Through a ministry called Orphans Reborn, trained volunteers from local churches visit orphanages every week, even in the remotest outposts of Siberia. Their mission is to show the children they are loved, and that there is hope. “The gospel is at the heart of everything,” Johnson said.
In one orphanage, volunteers were teaching Bible stories to children in one room, while just down the hall, gang members trained boys in martial arts and groomed young girls for sex trafficking. “It’s a race against evil,” Johnson said.

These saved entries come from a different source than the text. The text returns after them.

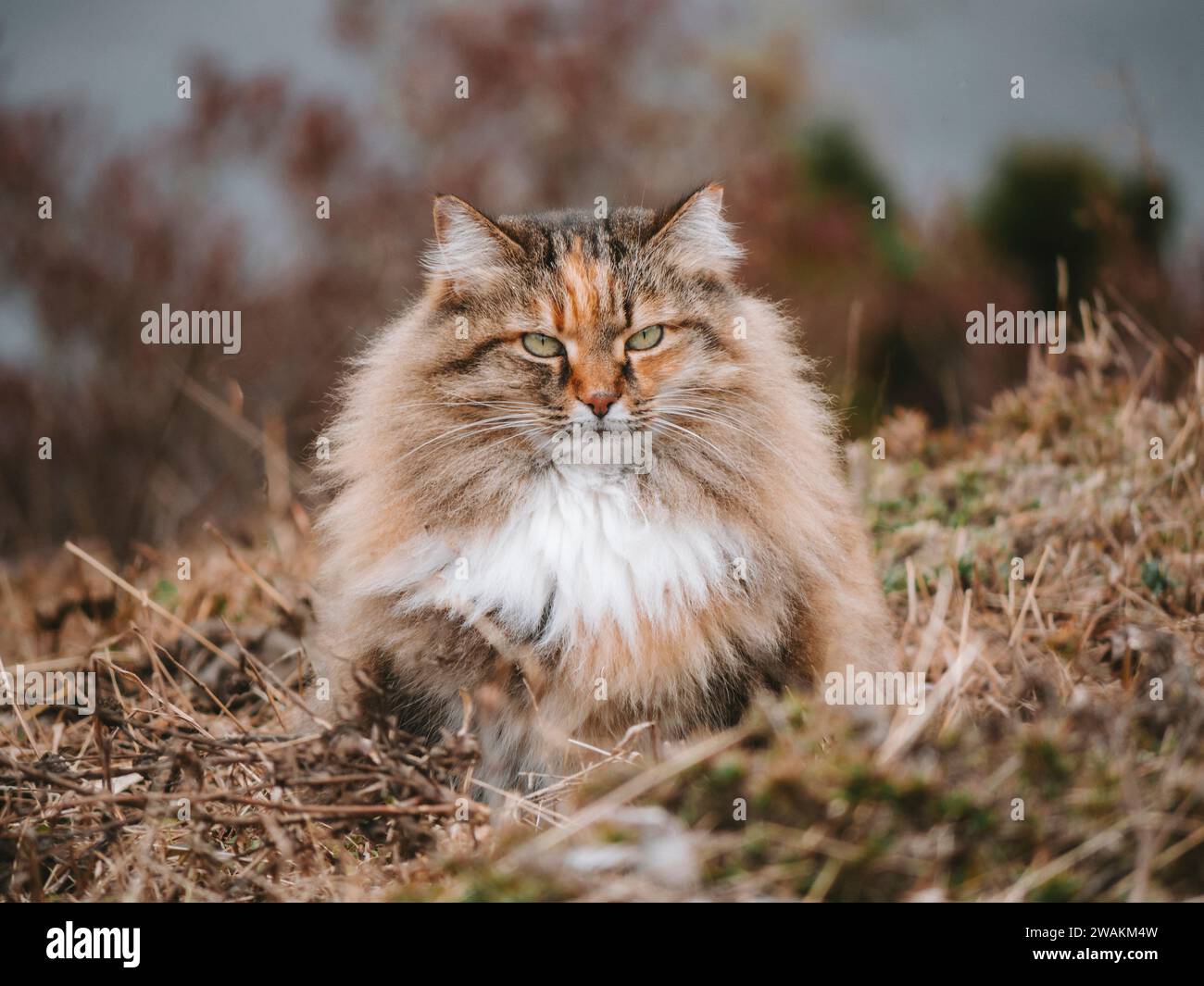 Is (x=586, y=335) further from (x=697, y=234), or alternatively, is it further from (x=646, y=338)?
(x=697, y=234)

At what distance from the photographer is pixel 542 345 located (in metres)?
2.91

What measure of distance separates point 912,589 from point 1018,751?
152 cm

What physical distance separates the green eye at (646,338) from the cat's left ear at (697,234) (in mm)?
216

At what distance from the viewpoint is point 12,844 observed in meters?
2.51

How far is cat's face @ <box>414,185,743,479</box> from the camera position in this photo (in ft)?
9.33

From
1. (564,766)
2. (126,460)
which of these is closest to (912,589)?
(564,766)

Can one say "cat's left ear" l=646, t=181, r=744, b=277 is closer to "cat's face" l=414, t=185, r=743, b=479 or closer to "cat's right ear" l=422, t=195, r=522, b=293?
"cat's face" l=414, t=185, r=743, b=479

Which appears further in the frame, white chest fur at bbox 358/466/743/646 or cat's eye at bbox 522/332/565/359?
cat's eye at bbox 522/332/565/359

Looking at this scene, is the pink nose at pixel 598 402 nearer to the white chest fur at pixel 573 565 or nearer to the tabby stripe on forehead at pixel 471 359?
the white chest fur at pixel 573 565

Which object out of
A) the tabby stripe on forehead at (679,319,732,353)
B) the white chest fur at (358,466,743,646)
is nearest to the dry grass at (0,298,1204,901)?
the white chest fur at (358,466,743,646)

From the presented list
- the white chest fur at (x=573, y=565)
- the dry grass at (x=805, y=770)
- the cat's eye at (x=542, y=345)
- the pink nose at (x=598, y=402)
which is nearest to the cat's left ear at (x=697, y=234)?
the cat's eye at (x=542, y=345)

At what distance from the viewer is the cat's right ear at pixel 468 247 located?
9.68ft

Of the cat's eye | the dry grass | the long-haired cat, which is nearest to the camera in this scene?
the dry grass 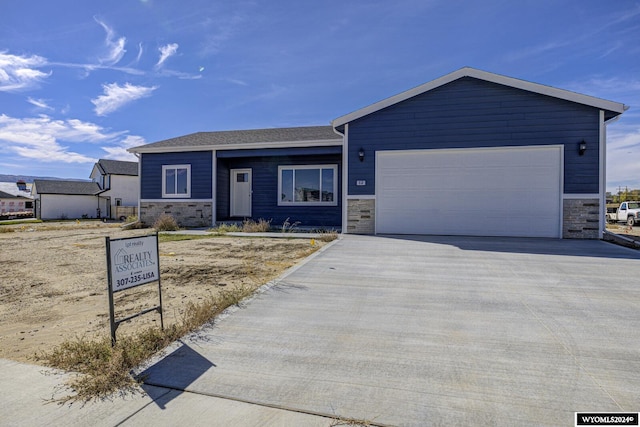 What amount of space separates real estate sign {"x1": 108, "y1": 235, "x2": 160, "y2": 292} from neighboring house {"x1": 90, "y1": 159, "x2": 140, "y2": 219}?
3451 cm

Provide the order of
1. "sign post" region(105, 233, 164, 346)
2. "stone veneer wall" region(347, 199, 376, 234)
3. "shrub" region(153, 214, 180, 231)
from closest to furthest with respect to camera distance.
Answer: "sign post" region(105, 233, 164, 346), "stone veneer wall" region(347, 199, 376, 234), "shrub" region(153, 214, 180, 231)

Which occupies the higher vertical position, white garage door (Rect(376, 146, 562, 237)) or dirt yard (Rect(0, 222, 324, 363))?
white garage door (Rect(376, 146, 562, 237))

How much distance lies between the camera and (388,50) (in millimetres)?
11422

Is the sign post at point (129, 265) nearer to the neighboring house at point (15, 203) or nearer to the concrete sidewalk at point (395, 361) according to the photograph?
the concrete sidewalk at point (395, 361)

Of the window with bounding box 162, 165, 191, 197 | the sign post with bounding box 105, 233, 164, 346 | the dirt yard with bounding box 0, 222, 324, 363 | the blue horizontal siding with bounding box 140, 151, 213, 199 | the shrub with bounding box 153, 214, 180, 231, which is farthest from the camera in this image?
the window with bounding box 162, 165, 191, 197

More than anything, children in state institutions long to be part of a loving family, said Eric Mock, the ministry’s senior vice president of ministry operations and a frequent visitor to orphanages across the region. Through the orphans ministry, local Christians continue to hold weekly Bible studies, share the gospel, and build relationships with children who have been cast aside and forgotten.
When teens leave the orphanages, local evangelical churches welcome them in, providing the stable, caring family environment they crave and helping them practically with such things as food and finding a job. “They do much more than just minister to these kids,” Mock said. “At long last, they are family.”
The Slavic Gospel Association helps forgotten orphans, widows and families in Ukraine, Russia, the former Soviet countries of Eastern Europe, Central Asia and Russian-speaking immigrants in Israel.